Working requirements for teens of a certain age is very critical and must follow the restrictions of teenage employees.
Indiana (PRWEB) July 08, 2011
Three new sections have been added to the Teen Work Hours poster which provides employers to follow if they have teens that are employed. Under the three new sections that have been added are the working hours before 6:00 a.m. and after 10:00 p.m. Indiana Occupational Safety and Health Administration(OSHA) has formatting changes to try to improve workplace safety and health for all Indiana workers. State and Federal Poster Inc. makes employers aware that the newly changed Indiana poster is necessary.
Equal Opportunity, Teen work hours, and minimum wages are the three sections that have been completely changed and a new poster is required. A notice has been added to the Equal Opportunity and this covers for businesses with six or more employees, the State of Indiana, Unions, other labor organizations, and employment agencies.

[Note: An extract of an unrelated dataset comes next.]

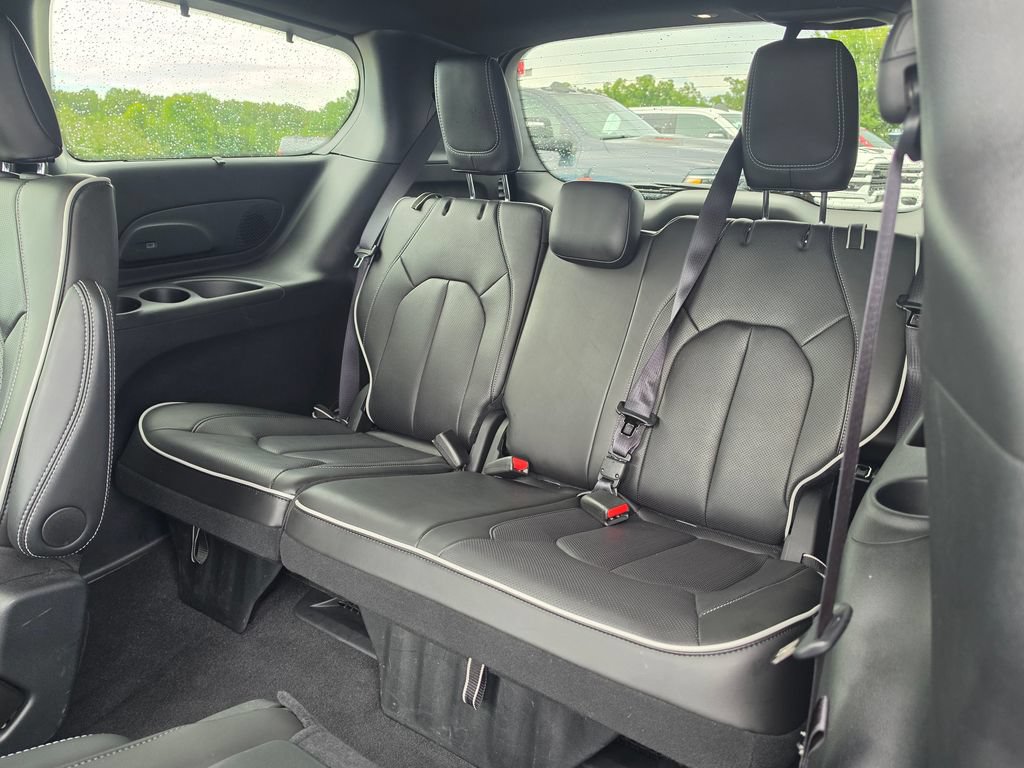 Used 2025 Chrysler Pacifica Limited AWD/4WD image 33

There are many additional restrictions for employers to follow through if they have an employee that is a teen. Employees under the age of 18 must be accompanied by a co-worker who is at least 18 years of age or older when working before 6:00 a.m. or after 10 p.m. in a business that is open in public. Working during school hours for teens who are 14 or 15 years of age may not work on school days after 7:30 a.m. and before 3:30 p.m. Teens who are 16 and 17 years old who have withdrawn themselves from school or who have graduated from high school are not subject to the hour restrictions above. Lastly the minimum wage notice has been completely reworded and the 2008 minimum wage has been permanently removed.
Indiana labor law poster has reformatted its OSHA poster to help reduce hazards and exposures in the workplace environment that might lead to injuries, illness, and fatalities. Indiana OSHA's Whistle Blower Protections Unit works to help maintain the unity of the Indiana Occupational Safety and Health Act by protecting the the rights that the law gives to the employees. The Indiana Voluntary Protection Programs(VPP) is also included within the Indiana OSHA. The VPP has recognition of such outstanding efforts of employers and employees who have achieved ideal occupational safety and health programs. OSHA works hard to change workplace culture to expand more employers and worker awareness of, commitment to, and the involvement in workplace safety.